Can you show us where the DPA says that? There's a requirement to make available any data on a subject to the subject via a standard process, but I've never heard of removal. What would happen if I asked my bank or building society to remove any data they hold on me?
What if one of my employees contacted the company I use for payroll and asked them to do the same?
I think you're mistaken.
Data Protection Act 1998 (as amended):
(1)Subject to subsection (2), an individual is entitled at any time by notice in writing to a data controller to require the data controller at the end of such period as is reasonable in the circumstances to cease, or not to begin, processing, or processing for a specified purpose or in a specified manner, any personal data in respect of which he is the data subject, on the ground that, for specified reasons—
(a)the processing of those data or their processing for that purpose or in that manner is causing or is likely to cause substantial damage or substantial distress to him or to another, and
(b)that damage or distress is or would be unwarranted.
I would suspect not processing and deleting are different things...especially if you brought in other legislation such as security orientated acts.
The weak PR response from BT shows they consider this a side show of irelevance...so it's unlikely the ICO will do anything beyond shuffle some data...in analog that's paper.
OHHHHH! and then some.
Just changed from BT to S**T, can't still be a virgin after all this time? Although it is rather ugly.
So a speed test at my last abode was at best 3.5 Mbs ish and now I am on 50 Mbs ish, so why does El Reg take the same amount of time to refresh the page when you upvote someone?
Umm maybe bandwidth is not a limiting factor? Clue might be in that you did not find a 3.5Mbit connection fast enough, then 50 is unlikely to improve much. What it is I don't know - the Regs infrastructure, maybe rate limiting, maybe your own raddled desktop? - ask them. After all the data required to display a refreshed page is not exactly huge.
Everybody else except for Kingston Communications has to buy from them - competition is only in the reseller market.
And Kingston Comms are a monopoly in their region.
And Virgin is a monopoly for cable TV, voice and Internet.
Mobile cellular voice and data are the only non-monopoly communications provider in this country.
>If that were true, the other three wouldn't exist.
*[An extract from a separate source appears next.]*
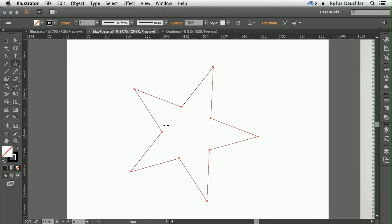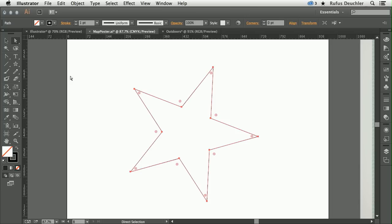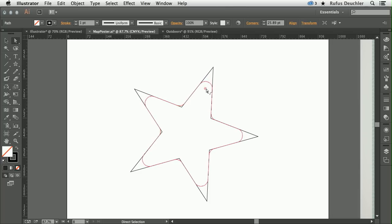So I'm going to make a star here, and simply by taking the Direct Selection tool, we will see that these little icons appear now at the corners. And if I click and drag, you see that I'm able to actually create the rounded corners intuitively right there on my artboard.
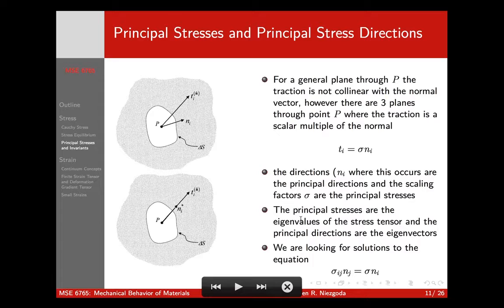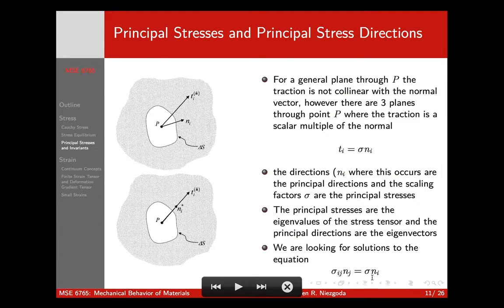The principal stresses are the eigenvalues of the stress tensor, and the principal directions are the eigenvectors. To solve for the principal stresses and principal directions, we solve the eigenvalue equation: sigma_ij N_j equals sigma N_i, where sigma (no indices) is a scalar times the normal. There are going to be three normals N where that's true. Because stress is a symmetric positive-definite tensor, we're guaranteed to have real eigenvectors, which is nice.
The word monopoly has a rather specific meaning.
Go and argue that on behalf Widgets Inc in front of the US DoJ, you'll get short shrift, the dictionary meaning and the legal meaning are two entirely different things. The EU definition will be pretty similar but I'm too lazy to Google the link for you:
https://www.justice.gov/atr/competition-and-monopoly-single-firm-conduct-under-section-2-sherman-act-chapter-2
Pedant alert fail, downvoted.
>That's one thing that I never understood... just HOW is the law allowed to define words differently than the dictionary? That is deliberate entrapment
It's not hard at all to understand, to have powers so great in the market place as to be a def facto monopoly.
http://definitions.uslegal.com/d/de-facto-monopoly/
Are people round here just thick by not being able to absorb facts or lazy by not bothering to seek critical information, alternatively a combination of both ?
>Given that you've just listed three alternatives it seems to me that that word doesn't mean what you think it does.
Who owns the exchanges, fibre interconnects, poles, copper, cabinets and ducts. Two of the above use one of the above's network infrastructure as they have little or none of their own with cost of installing new being a barrier to entry.
Honestly ! Please do think something through before you post next time or do you work for BT or collect a BT pension ?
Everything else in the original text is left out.